Your copy of the listing must be exact and must hold no images.

▸ **Data shown**:
▬▬▬▬▬▬

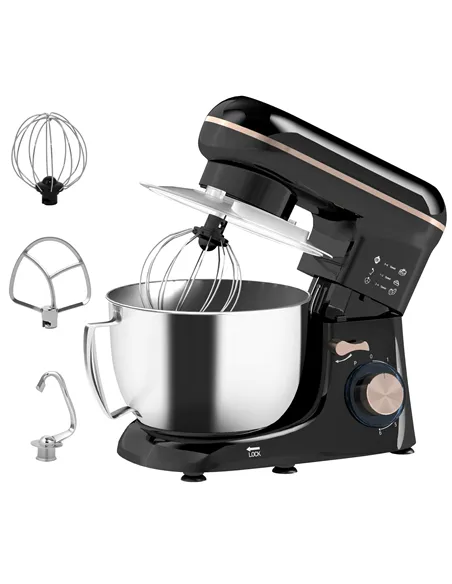 HOMCOM 1300W Kitchen Stand Mixer, with Accessories - Black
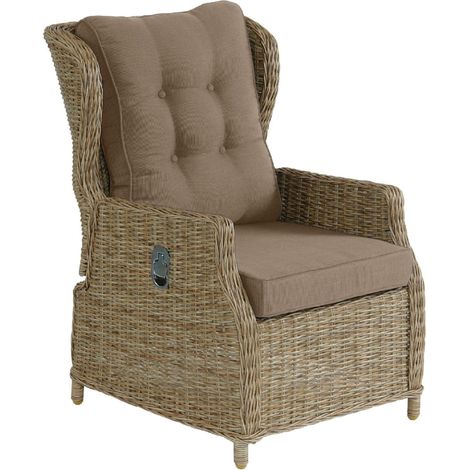 Inko Lounge-Sessel Leona Rattanoptik Loungesessel Gartensessel 3 Farben zur Wahl Rattanoptik natur (1/2)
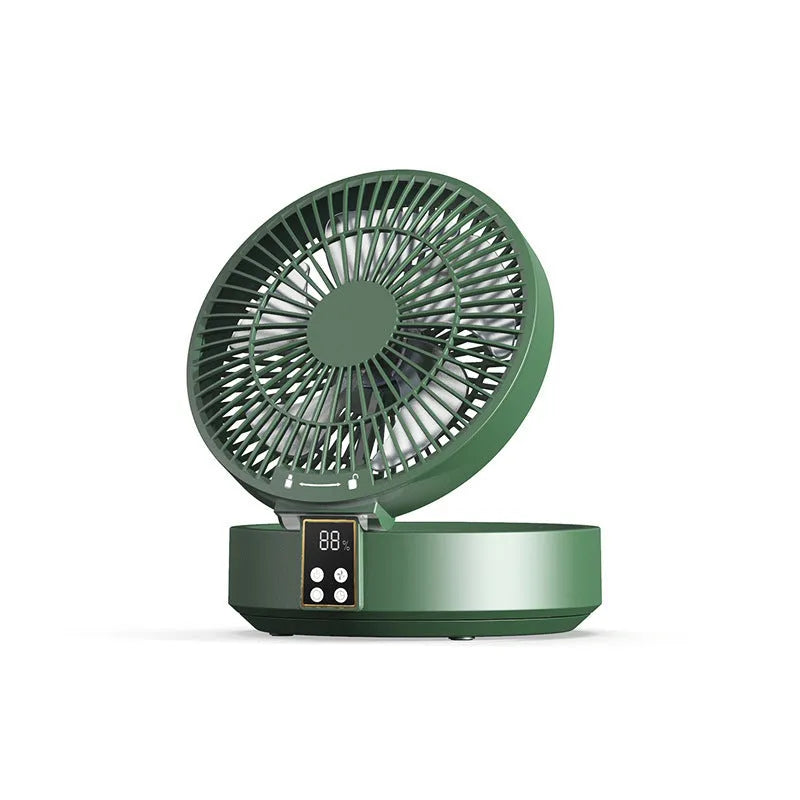 White portable electric fan with remote control showing folded design and night light function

▬▬▬▬▬▬

▸ **Output**:
 HOMCOM 1300W Kitchen Stand Mixer, with Accessories - Black
 Inko Lounge-Sessel Leona Rattanoptik Loungesessel Gartensessel 3 Farben zur Wahl Rattanoptik natur (1/2)
 White portable electric fan with remote control showing folded design and night light function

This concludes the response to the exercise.